History

United Kingdom
- Name: Cambridgeshire GY180
- Owner: Cambridge Fishing Co Ltd, Grimsby
- Port of registry: Grimsby, Lincolnshire
- Builder: Smiths Dock Company, South Bank-on-Tees
- Yard number: 987
- Launched: 2 July 1935
- Commissioned: August 1939 as an Armed Trawler
- Fate: Broken-up, October 1954

General characteristics
- Type: Trawler
- Tonnage: 443 tons
- Length: 162.3ft
- Beam: 26.7ft

= HMT Cambridgeshire =

HMT Cambridgeshire (FY142) was a British Second World War anti-submarine trawler of the British Royal Navy, named after Cambridgeshire, an English county.

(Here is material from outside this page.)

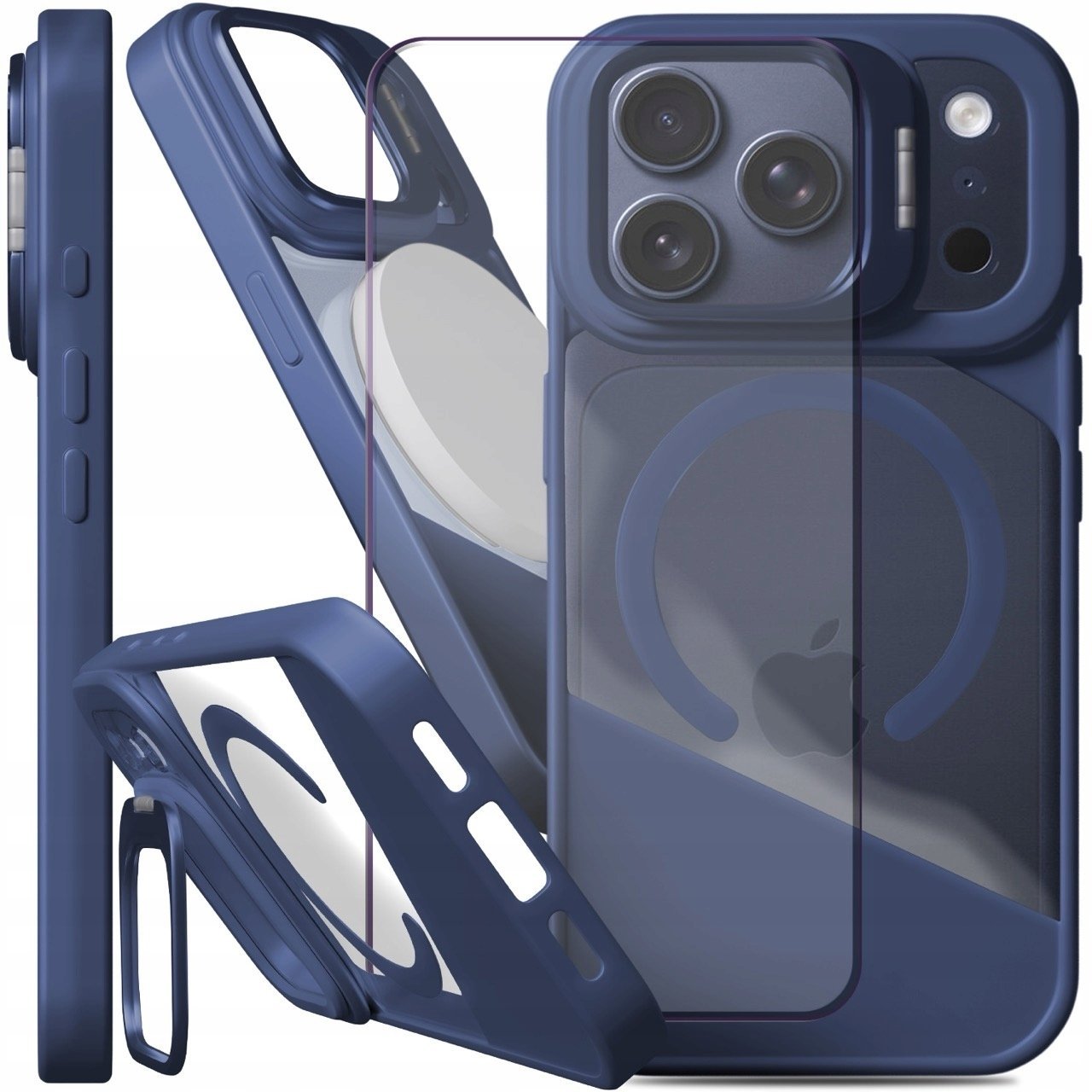 Etui Do Magsafe Do Apple iPhone 17 Pro Fusion, Niebieskie, Clear Szkło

The 443 ton trawler was laid down on 2 July 1935 at Smiths Dock Company of South Bank-on-Tees and completed by the end of the year. The Royal Navy requisitioned her in August 1939 shortly before the outbreak of the war and converted her to an anti-submarine vessel, armed with a single 4 inch gun, machine guns, and depth charges.

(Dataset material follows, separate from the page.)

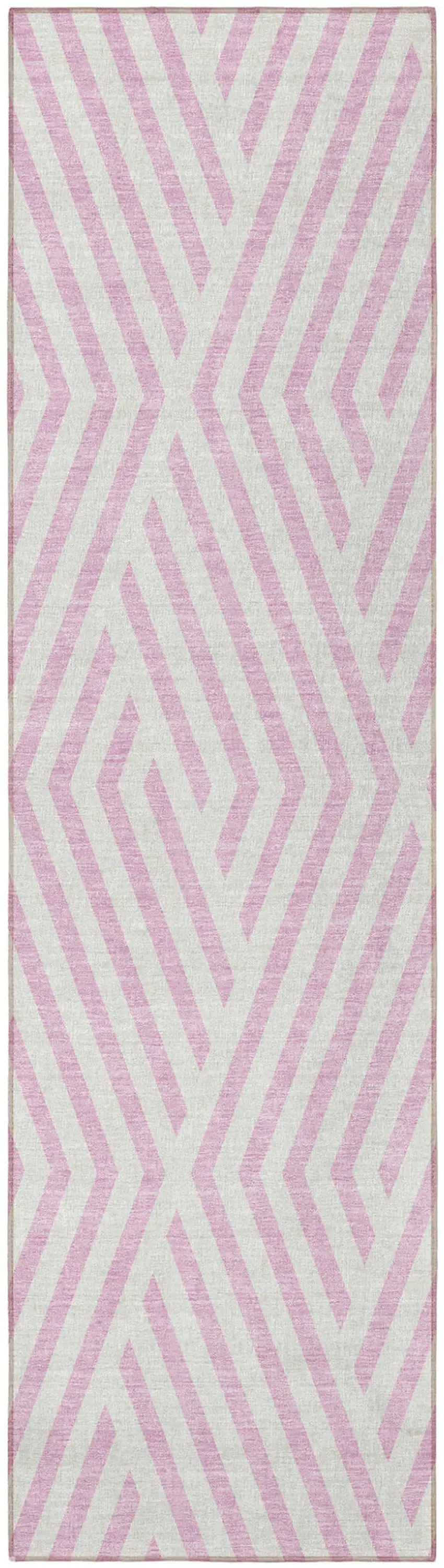 Pink and White Geometric Washable Non Skid Indoor Outdoor Runner Rug Photo 4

On 17 June 1940, Cambridgeshire took part in the rescue of passengers and crew from the bombing of RMS Lancastria in the estuary of the River Loire during Operation Aerial. The ship's boat picked up many survivors from the water while German aircraft bombed and machine gunned them. Cambridgeshires Lewis gunners claimed to have shot down one of the attacking planes. Cambridgeshire rescued an estimated 800 people; one of them was Lord Inverclyde. Three members of Cambridgeshires crew received decorations for their conduct.

Later that night, Cambridgeshire received orders to evacuate the commander of the British Expeditionary Force, Lieutenant-General Alan Brooke, and his staff to England because the destroyer allocated was no longer available. There were no rafts or life jackets onboard following the rescue work and the decks were covered in bunker oil and discarded clothing. General Brooke had to clean the oil from his cabin. She left St Nazaire at 3am on 18 June and arrived in Plymouth late in the afternoon of the following day, having acted as an escort to a convoy of evacuation ships en route.

In June 1944, Cambridgeshire took part in Operation Neptune, the naval element of the Normandy Landings. The Navy sold her in 1945. She returned to commercial fishing, and was renamed Kingston Sapphire in 1947. The trawler was scrapped at Bruges, Belgium in October 1954.